> **Data listing**

──────

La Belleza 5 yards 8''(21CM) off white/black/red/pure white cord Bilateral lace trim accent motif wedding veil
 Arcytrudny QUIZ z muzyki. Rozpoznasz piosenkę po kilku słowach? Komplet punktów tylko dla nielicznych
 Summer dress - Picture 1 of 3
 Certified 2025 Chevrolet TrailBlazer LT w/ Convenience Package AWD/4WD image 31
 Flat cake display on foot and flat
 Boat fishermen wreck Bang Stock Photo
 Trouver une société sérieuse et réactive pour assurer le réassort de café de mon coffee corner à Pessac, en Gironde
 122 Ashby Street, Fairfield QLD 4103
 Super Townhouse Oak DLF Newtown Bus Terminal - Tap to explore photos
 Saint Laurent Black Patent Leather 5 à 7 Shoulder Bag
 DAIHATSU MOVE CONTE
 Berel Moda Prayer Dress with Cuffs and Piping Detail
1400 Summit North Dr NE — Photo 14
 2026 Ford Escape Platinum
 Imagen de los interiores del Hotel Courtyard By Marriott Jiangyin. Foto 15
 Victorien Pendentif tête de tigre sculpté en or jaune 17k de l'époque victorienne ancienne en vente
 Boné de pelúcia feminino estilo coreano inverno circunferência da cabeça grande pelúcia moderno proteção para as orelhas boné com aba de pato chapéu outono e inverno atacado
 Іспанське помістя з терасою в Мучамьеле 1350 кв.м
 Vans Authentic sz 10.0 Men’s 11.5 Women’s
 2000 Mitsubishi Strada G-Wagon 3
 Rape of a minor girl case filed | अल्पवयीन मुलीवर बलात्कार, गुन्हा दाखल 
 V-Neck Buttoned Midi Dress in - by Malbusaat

──────

> **Problem description**
From the records above, transcribe without alteration every line from the one with "Berel Moda Prayer" to the one with "Victorien Pendentif tête", inclusive.

> **Answer below**
 Berel Moda Prayer Dress with Cuffs and Piping Detail
1400 Summit North Dr NE — Photo 14
 2026 Ford Escape Platinum
 Imagen de los interiores del Hotel Courtyard By Marriott Jiangyin. Foto 15
 Victorien Pendentif tête de tigre sculpté en or jaune 17k de l'époque victorienne ancienne en vente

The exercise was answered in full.